### [ACTIVITY]
A faithful transcription of all the data, images excluded, is the required answer.

### [THE INPUT]

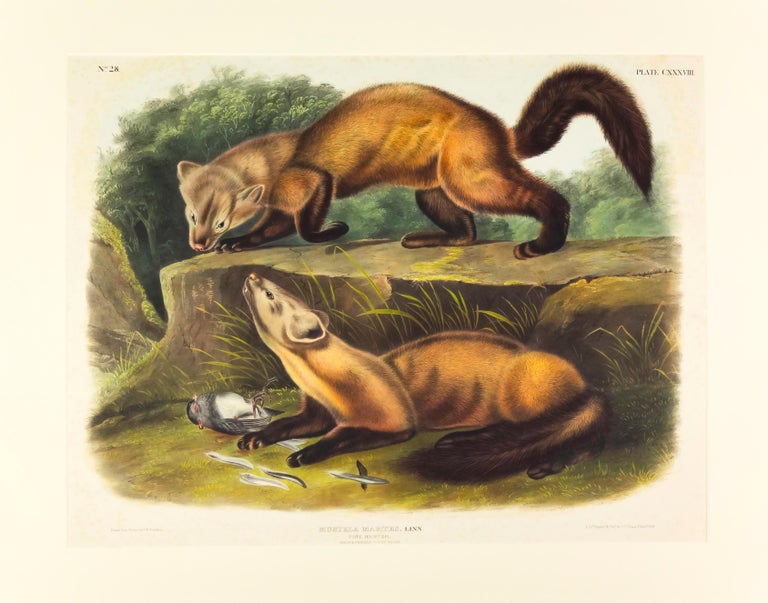 Pine Marten For Sale at 1stDibs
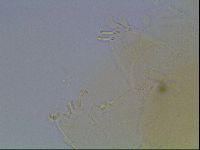 Echiniscus cavagnaroi image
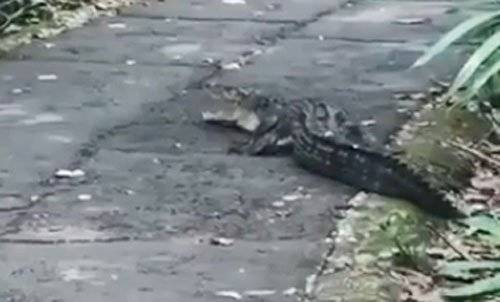 看到鳄鱼没在怕 民众狂拍惨被骂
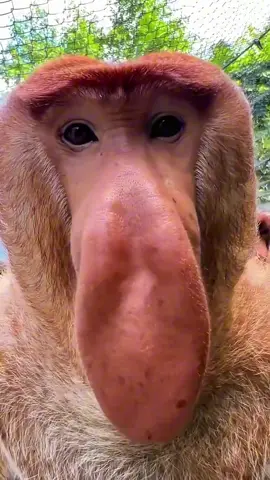 Taman Safari Indonesia #jelajahhepi 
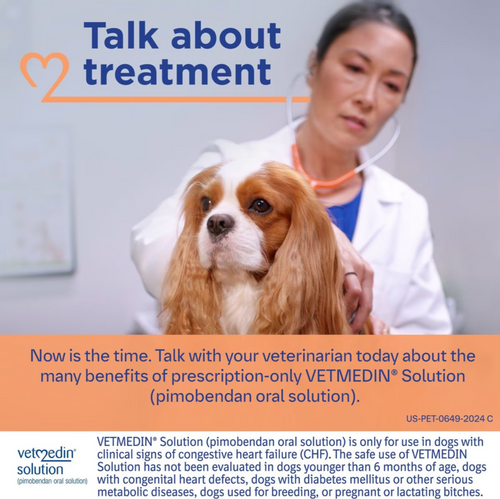 Vetmedin (Pimobendan) Solution for Dogs, 50 mL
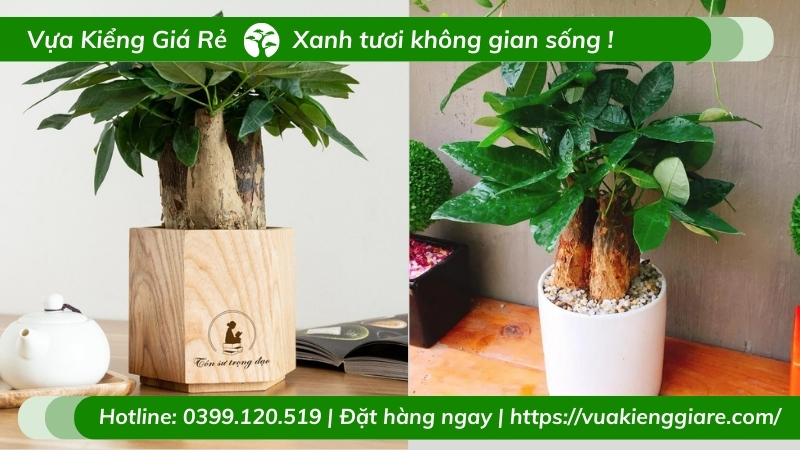 Cây kim ngân 3 thân - chậu để bàn làm việc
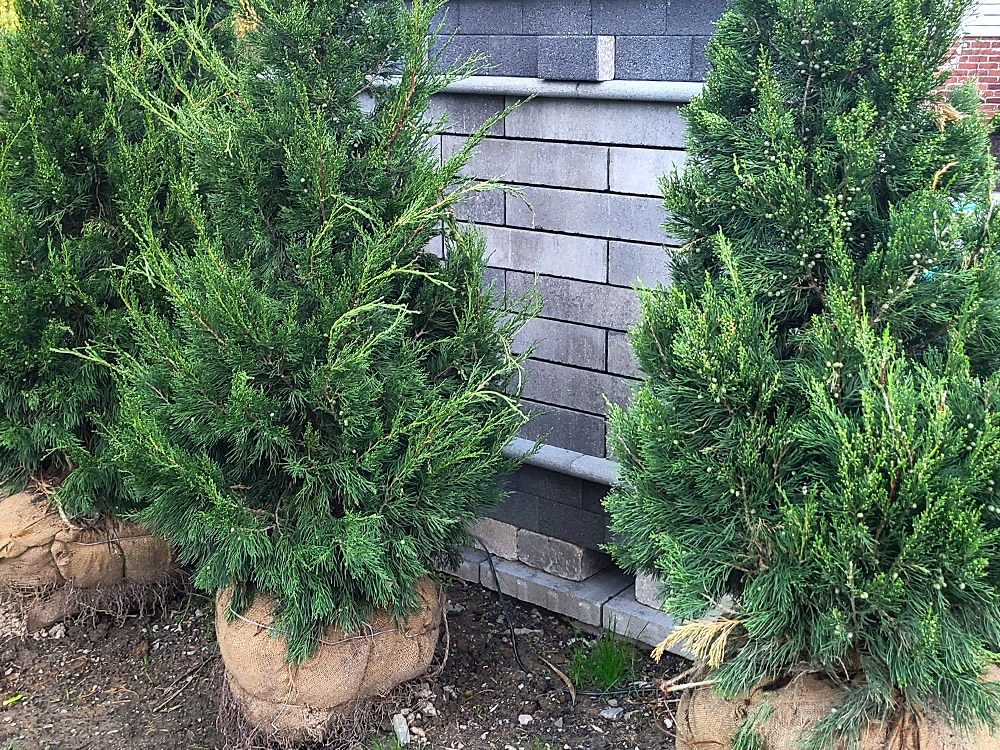 McGinn Landscaping - Shrubs Around Pillar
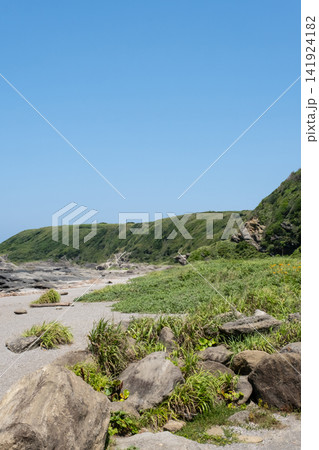青い空と緑の草原が続く城ヶ島海岸の岬の風景 青い空と緑の草原が続く城ヶ島海岸の岬の風景 141924182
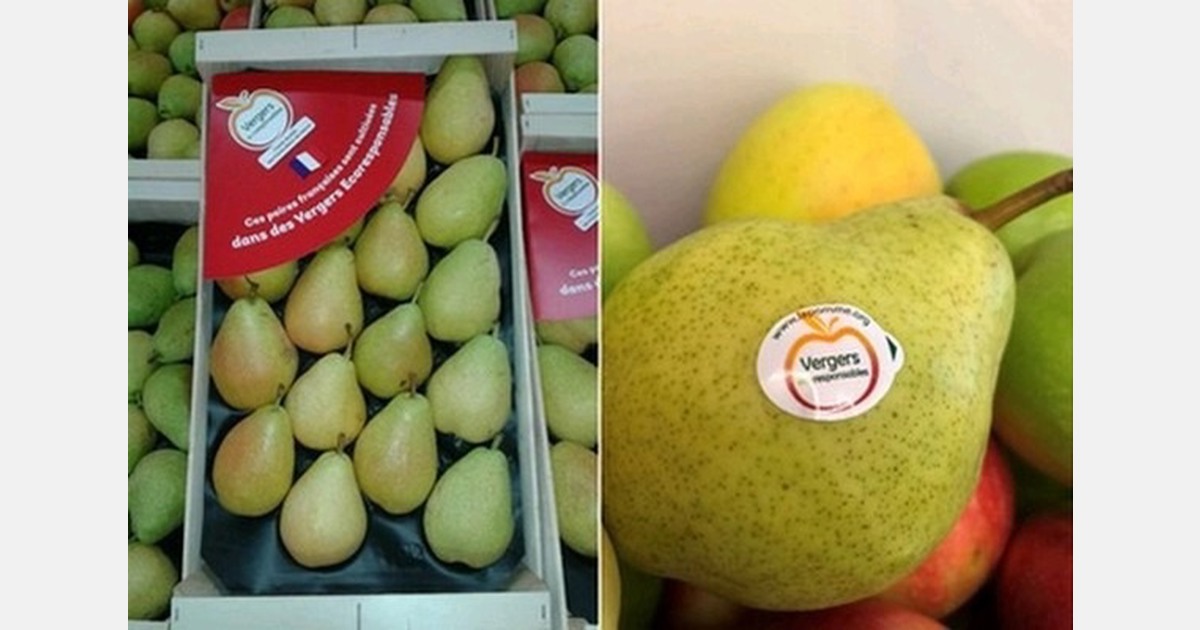 Supermarkets support the French origin in the pear campaign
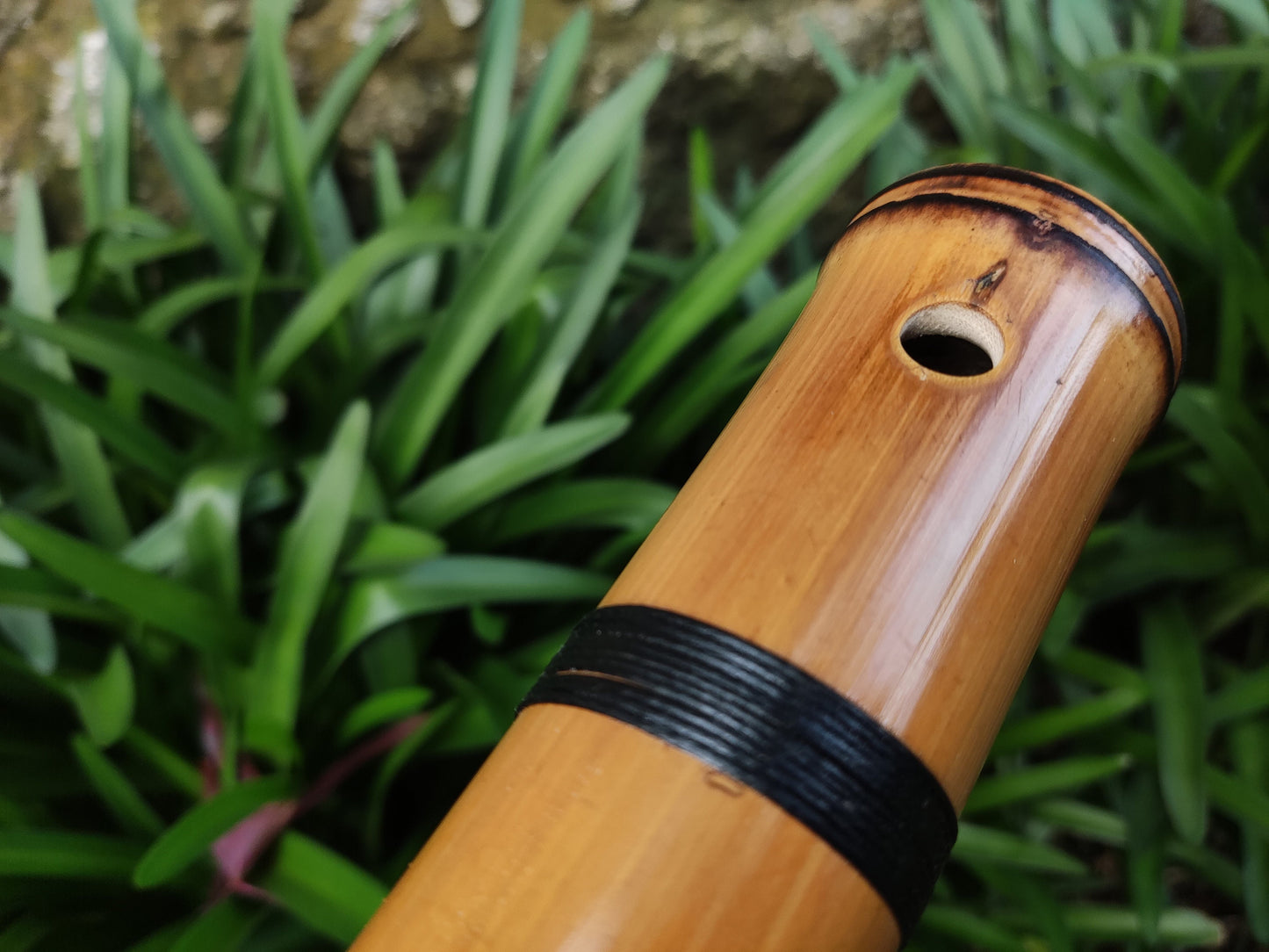 Deep Meditative Akebono Bamboo Flute in the key of low G# | Rui Gomes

### [EXPECTED OUTPUT]
 Pine Marten For Sale at 1stDibs
 Echiniscus cavagnaroi image
 看到鳄鱼没在怕 民众狂拍惨被骂
 Taman Safari Indonesia #jelajahhepi 
 Vetmedin (Pimobendan) Solution for Dogs, 50 mL
 Cây kim ngân 3 thân - chậu để bàn làm việc
 McGinn Landscaping - Shrubs Around Pillar
青い空と緑の草原が続く城ヶ島海岸の岬の風景 青い空と緑の草原が続く城ヶ島海岸の岬の風景 141924182
 Supermarkets support the French origin in the pear campaign
 Deep Meditative Akebono Bamboo Flute in the key of low G# | Rui Gomes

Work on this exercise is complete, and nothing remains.